Среди этих проектов могут быть и эффективные в рыночном отношении, но какие именно — никто не знает. По соображениям здравого смысла ясно, к примеру, что при свободных ценах на нефть и газ проекты, обещающие экономию энергии, весьма эффективны. Скажем, проект снабжения производственной и коммунальной сферы газовыми счетчиками, наверняка на порядок рентабельнее равноценного (по ожидаемому количеству кубометров газа) проекта освоения нового месторождения. Но в любом случае нужен надежный расчет.

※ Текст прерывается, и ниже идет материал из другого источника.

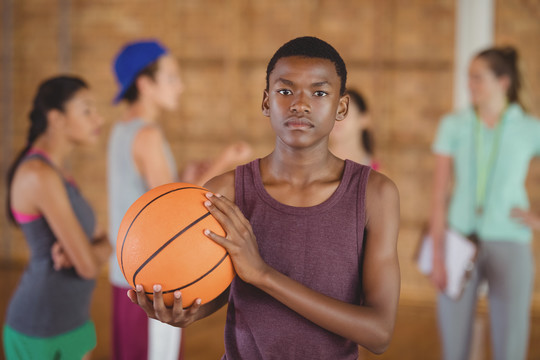 高中男孩站在球场上打篮球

Очевидно, срочно необходимо и национальное агентство развития, которое было бы способно фильтровать инвестиционные проекты, связанные с ответственностью государственного бюджета, с иностранными инвестициями. Задача не в том, чтобы восстановить плановое хозяйство в госснабовском духе или в стиле старых министерств. Но одной лишь текущей коммерческой эффективностью вложений мы не можем удовлетвориться. Нам нужно знать, насколько эффективны будут в XXI веке сегодняшние инвестиции и как они повлияют на будущую структуру народного хозяйства. Перед нами сразу две угрозы: одна — что не сумеем взять предлагаемые миллиарды, другая — что не сумеем по-умному использовать. Нам предоставляются не свободные деньги, а связанные. Но связанные не бюрократическим усмотрением, а качеством наших проектов. Это исторический шанс для нации: либо нам помогут вылезать из ямы, либо мы опозоримся.

Глубинный смысл помощи МВФ примерно такой же, каким был смысл плана Маршалла для послевоенной Европы. Нас не берут ни в кабалу, ни на иждивение — нам помогают встать на ноги, чтобы мы могли сами себя кормить. Современные аналитики плана Маршалла утверждают, что его смысл был не просто в предоставлении ресурсов, а в содействии преодолению кризиса рыночной системы. Он выражался в политической нестабильности, нехватке потребительских товаров и страхе перед финансовым хаосом. Эти обстоятельства парализовали тогда рыночные силы и рыночное поведение предприятий и населения Западной Европы. Подобно этому и нам (пережившим куда более долгий паралич рыночных сил) предстоит использовать получаемые средства для облегчения запуска мотора рынка, а не для затыкания дыр.